A Federação Portuguesa de Ciclismo (FPC) e a Autoridade Antidopagem de Portugal (ADoP) renovaram esta sexta-feira, na sede do Comité Olímpico de Portugal (COP), em Lisboa, o protocolo que prevê a aplicação do passaporte biológico a todos os ciclistas profissionais portugueses no controlo antidopagem.
Artur Lopes, presidente do COP, sublinhou a abrir a sessão de assinatura do documento que a luta antidopagem se mantém prioritária na agenda da organização, como “algo que deve estar quase no ponto primeiro das preocupações ao nível do desporto”, apesar dos esforços financeiros que implica. “É evidente que a luta antidopagem é muito cara, mas tem de se manter”, acrescentou Artur Lopes, sublinhando “a necessidade da luta continuar, ser aprofundada e melhorada com este protocolo”.
O presidente da FPC, Delmino Pereira, reforçou a ideia expressa quando o protocolo foi firmado, em 2023, dizendo tratar-se de “um compromisso absolutamente estruturante para o futuro” do Ciclismo. “Temos uma história de problemas de dopagem, mas também temos uma longa história de luta contra o doping”, reforçou, tendo ainda acrescentado: “Quando assinámos este protocolo, foi um passo grande para ir ao encontro de um grande desígnio nosso - credibilizar o ciclismo.”
Manuel Brito, presidente da ADoP, deu relevo ao caráter simbólico que o protocolo tem, por ser “um sinal muito forte para o movimento associativo: para problemas especiais, soluções especiais.”

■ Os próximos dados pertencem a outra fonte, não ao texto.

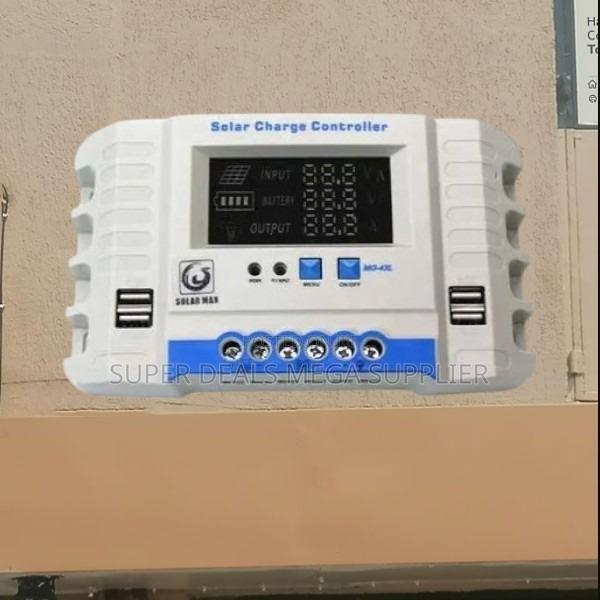 High Performance 12v/24v 30a PWM Solar Charge Controller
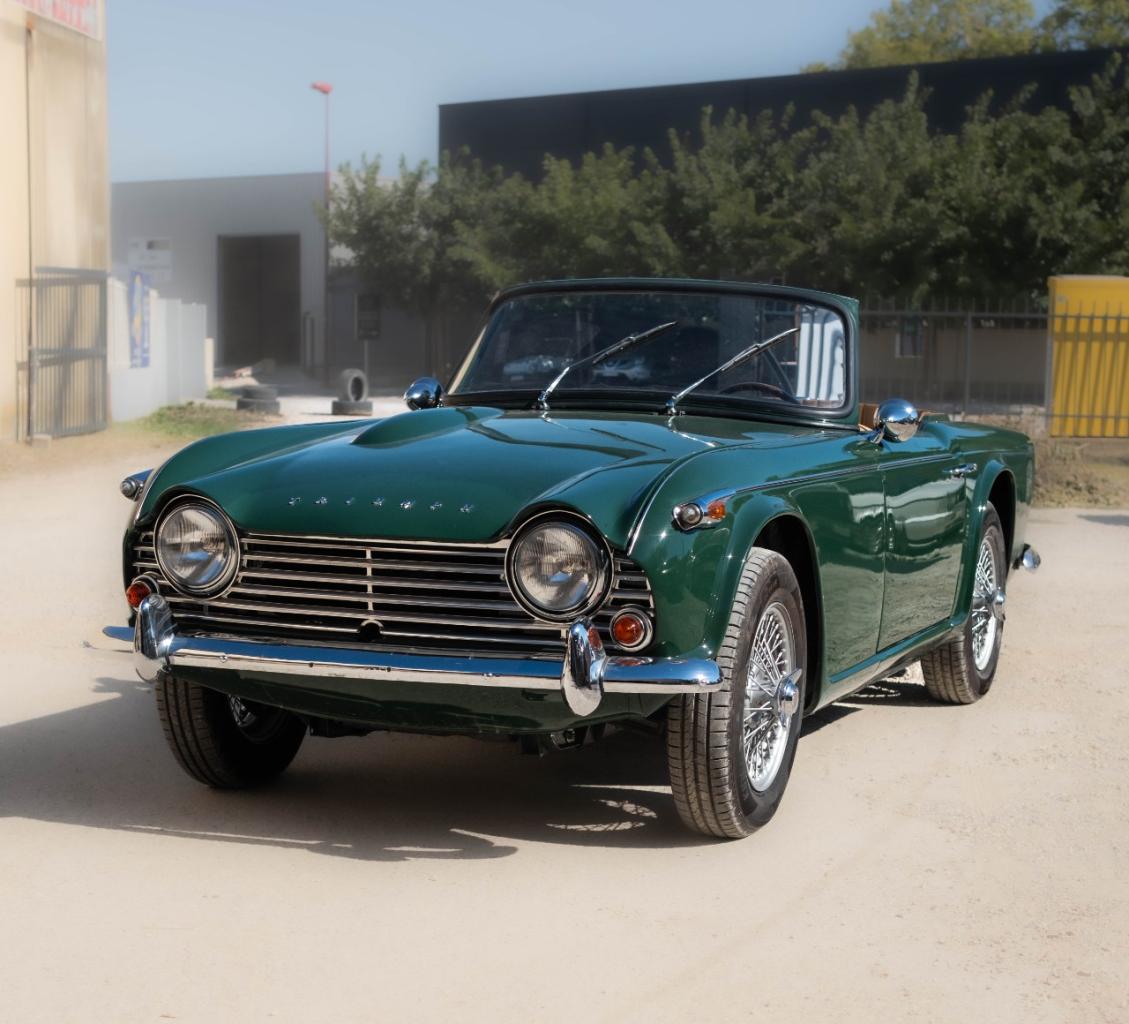 TRIUMPH TR4A IRS - 1967 LesAnciennes.com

Também presente na cerimónia, o secretário de Estado do Desporto, Pedro Dias, sublinhou que o documento assinado entre FPC e ADoP é um instrumento fundamental para a preservação da “integridade das competições”, que considerou o “principal ativo” do desporto, e que “é inegociável”.
Para esclarecer do que se trata o passaporte biológico e os passos que têm sido dados para a sua implantação na luta antidopagem intervieram de seguida António Júlio Nunes, diretor executivo da ADoP, e Olivier Banuls, diretor de testagem da International Testing Agency (ITA). António Júlio Nunes revelou que foram realizados 672 controlos no âmbito do passaporte biológico, uma média de sete controlos por ciclista dos que fazem parte do grupo alvo, em Portugal – todos os profissionais das equipa continentais, o equivalente à 3.ª divisão mundial.
O passaporte biológico baseia-se na monitorização, ao longo do tempo, de parâmetros biológicos (através de amostras de sangue e de urina), que podem revelar os efeitos da utilização de substâncias ou métodos proibidos, em oposição aos controlos pontuais através das análises de sangue e urina.